What is required
Of the entries below, restate word for word only the section that runs from the line with "Stunning Double A-Frame" to the line with "7012 Voigt Road", counting both ends.

Entries shown
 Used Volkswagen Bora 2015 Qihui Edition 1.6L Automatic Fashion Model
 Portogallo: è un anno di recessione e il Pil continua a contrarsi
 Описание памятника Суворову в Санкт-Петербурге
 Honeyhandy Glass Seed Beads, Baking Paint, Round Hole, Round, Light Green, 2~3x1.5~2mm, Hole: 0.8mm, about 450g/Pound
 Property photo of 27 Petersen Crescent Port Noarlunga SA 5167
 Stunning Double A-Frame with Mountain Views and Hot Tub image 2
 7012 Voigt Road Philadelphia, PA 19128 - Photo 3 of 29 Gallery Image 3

==

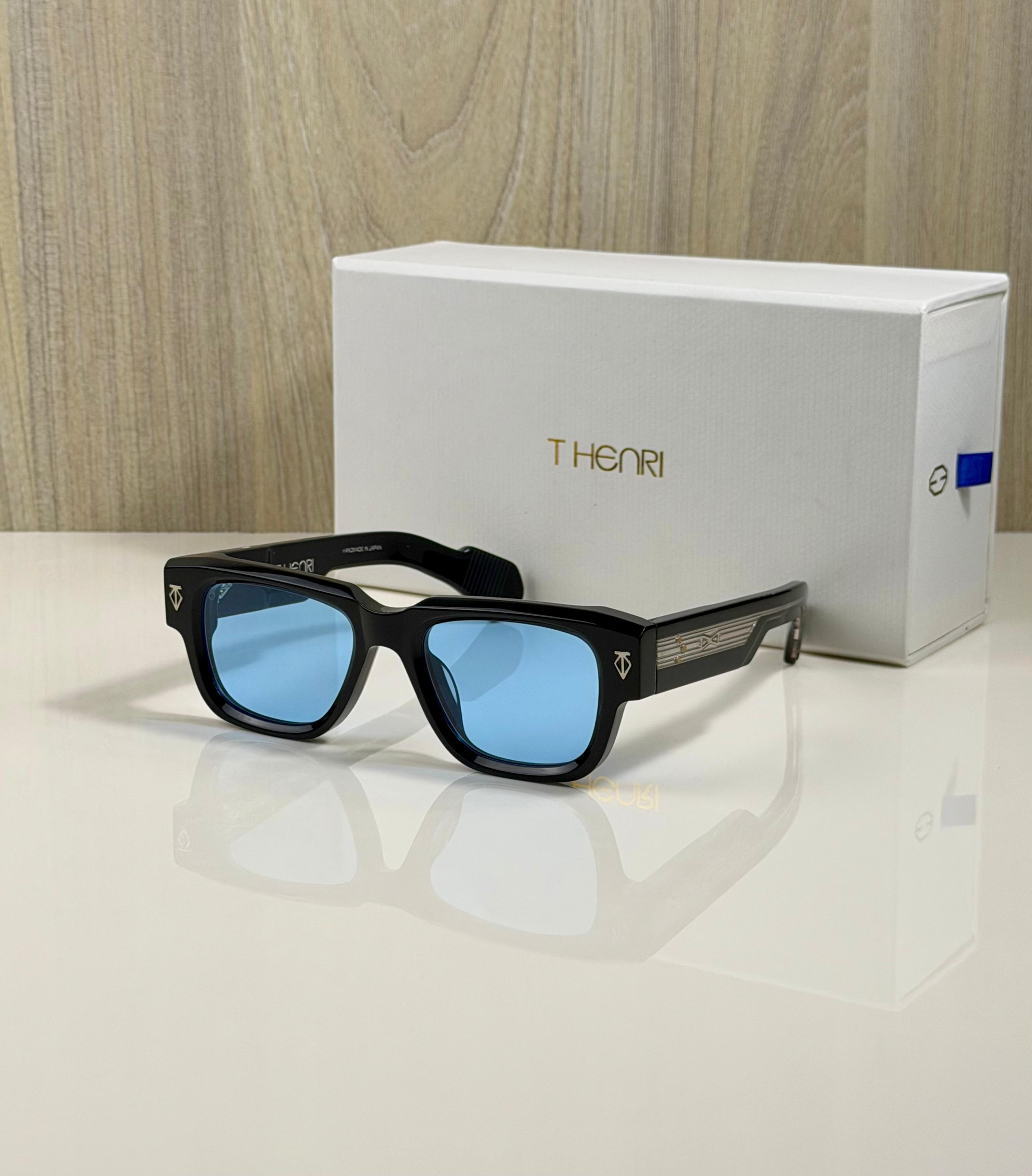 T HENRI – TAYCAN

Exercise result
 Stunning Double A-Frame with Mountain Views and Hot Tub image 2
 7012 Voigt Road Philadelphia, PA 19128 - Photo 3 of 29 Gallery Image 3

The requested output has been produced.